Mr. Ulrich Gerfin arose my interest in pattern-welded steel in 1999. Since then, I pursue a hobby with steel, both from the practical and theoretical point of view. I mainly forge steels for cutting tools with the objective of improving the cutting performance.

The performance capability can be raised by using certain construction types (Norwegian style, micro interlock) or differential hardening. In both cases compressive stress is generated in the cutting edge, hence raising the load carrying capacity of the cutting edge (cracks do not grow in areas of compression, inhibited by the non-opening of the crack).

My personal interest belongs especially to the shear steels. Small impurities in form
of micro-inclusions along the welds are likely to increase the cutting-performance by impeding the grain growth, especially across the welds.

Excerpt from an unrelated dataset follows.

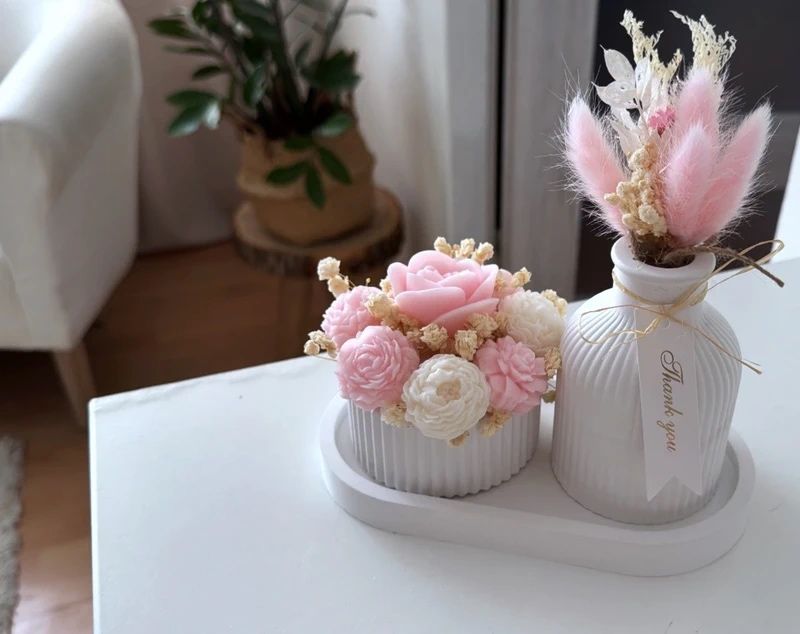 Zestaw Tacka bukiet wazon box kwiatowy z wosku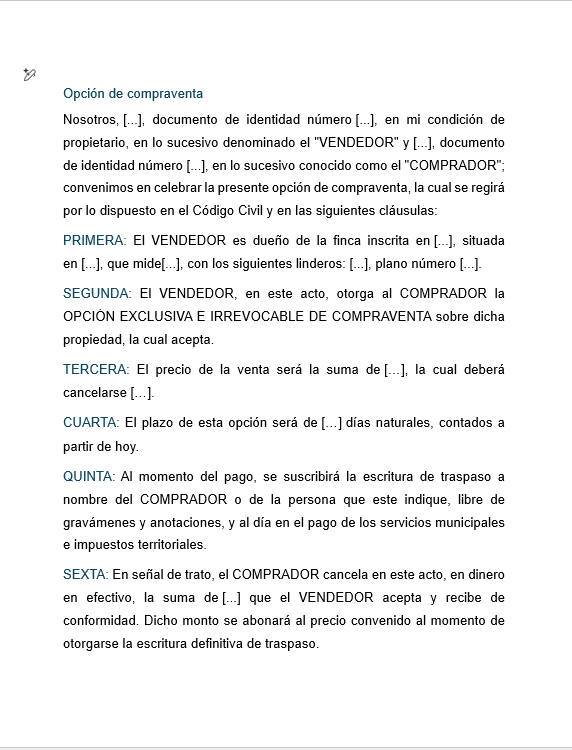 Opcion de Compraventa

Therefore a layer thickness in the range of 25,000 layers per inch, in combination with these impurities, is capable of forcing a grain refinement.

Most of the commercially offered Damascene steels are only suitable for decoration purposes. The superb quality of modern tool-steels cannot be raised by contemporary pattern-welding techniques; in contrast, a decrease in quality is likely. For commercial use, the performance-increasing techniques are not suitable due to their extensive production expenses.

The widespread interest in this topic, and finally the repetitively asked questions, convinced me to create these pages about modern pattern-welded steels. They are intended for both smiths and interested collectors. Besides different patterns the metallurgic fundamentals are presented.